───── Exercise data ─────
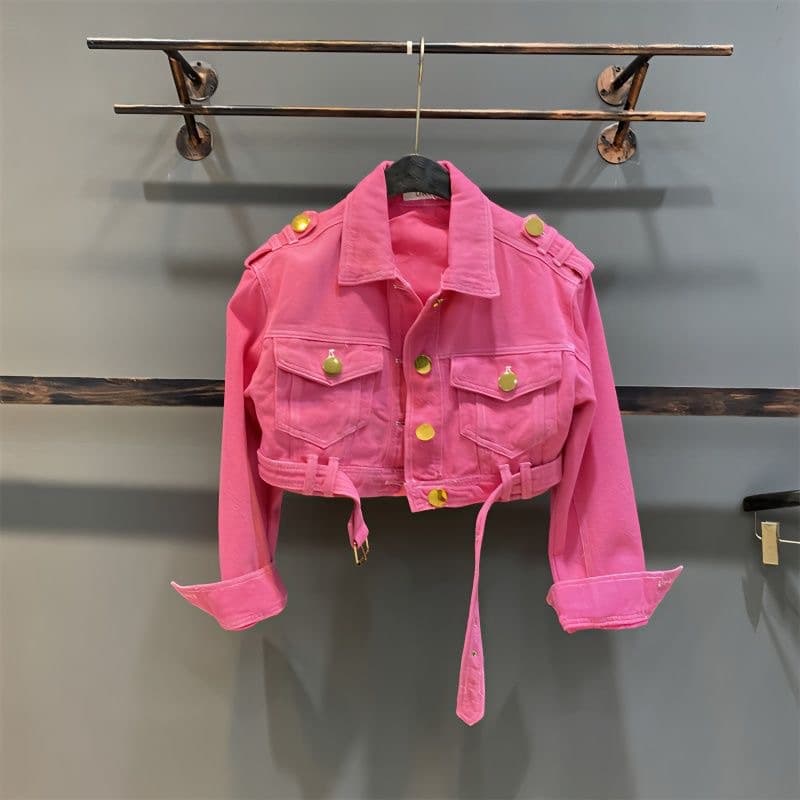 Girls' Rose Red Denim Jacket 2026 Spring and Autumn New Solid Color Lapel Metal Button Kids Fashion Short Jacket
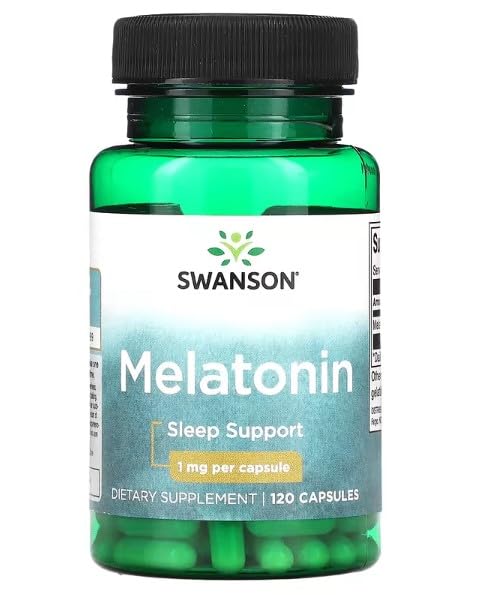 Swanson Melatonina 1mg - Suplemento para Sueño de Calidad y Regulación del Ciclo Circadiano - 120 Cápsulas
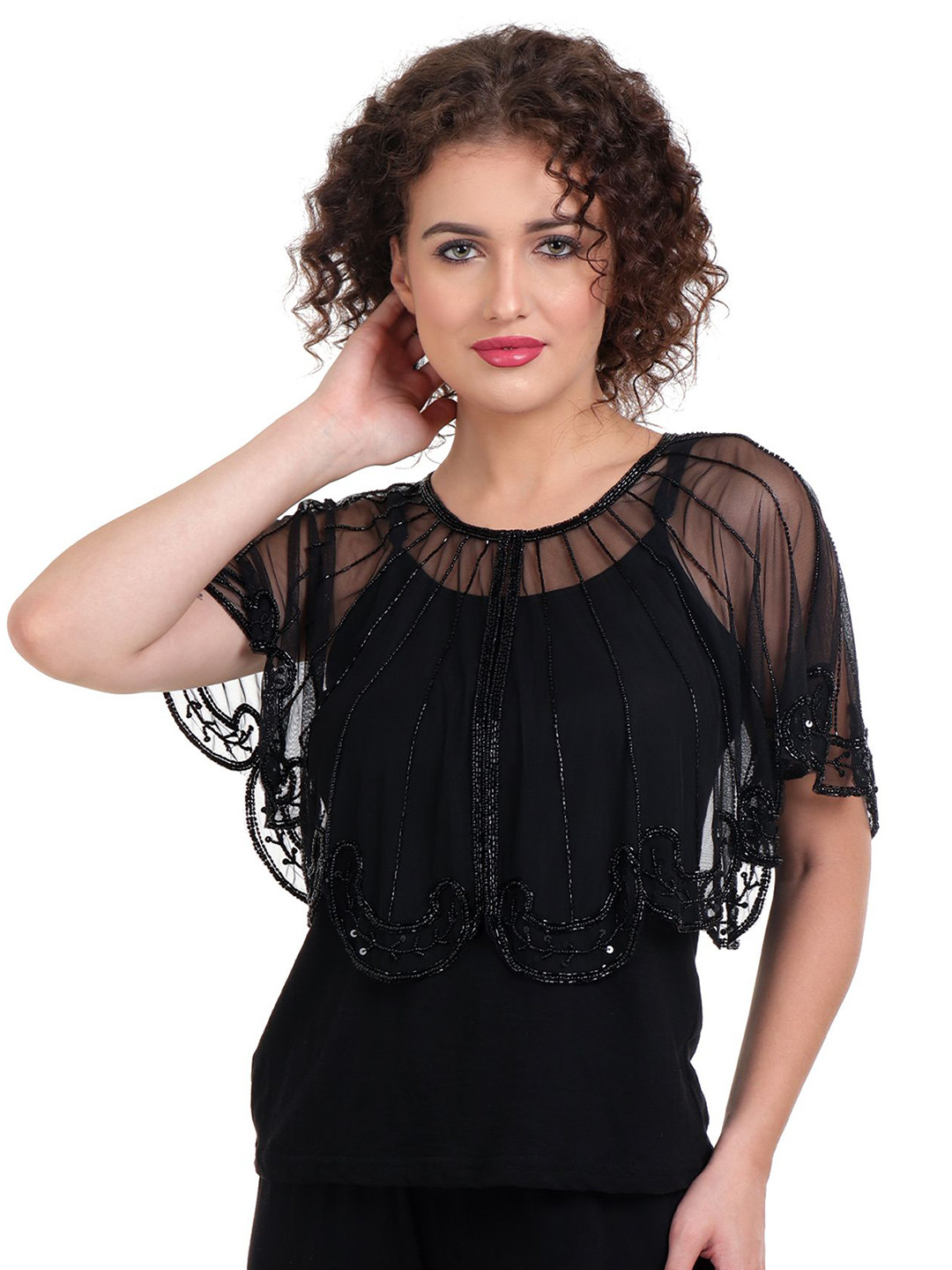 JEDCO Women Embroidered Crop Ethnic Shrug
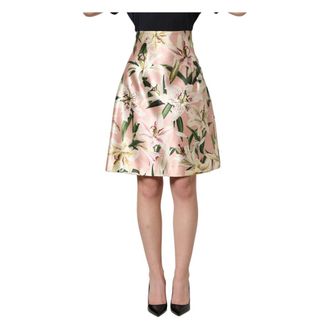 Dolce & Gabbana Short Skirts, female, Pink, Size: 3XS Lilium High Waist Knee Length Skirt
─────
Task instructions: From the line that contains "Swanson Melatonina 1mg" to the last line of the data, print each line exactly, both ends included, and omit the pictures.

Response to the task:
 Swanson Melatonina 1mg - Suplemento para Sueño de Calidad y Regulación del Ciclo Circadiano - 120 Cápsulas
 JEDCO Women Embroidered Crop Ethnic Shrug
 Dolce & Gabbana Short Skirts, female, Pink, Size: 3XS Lilium High Waist Knee Length Skirt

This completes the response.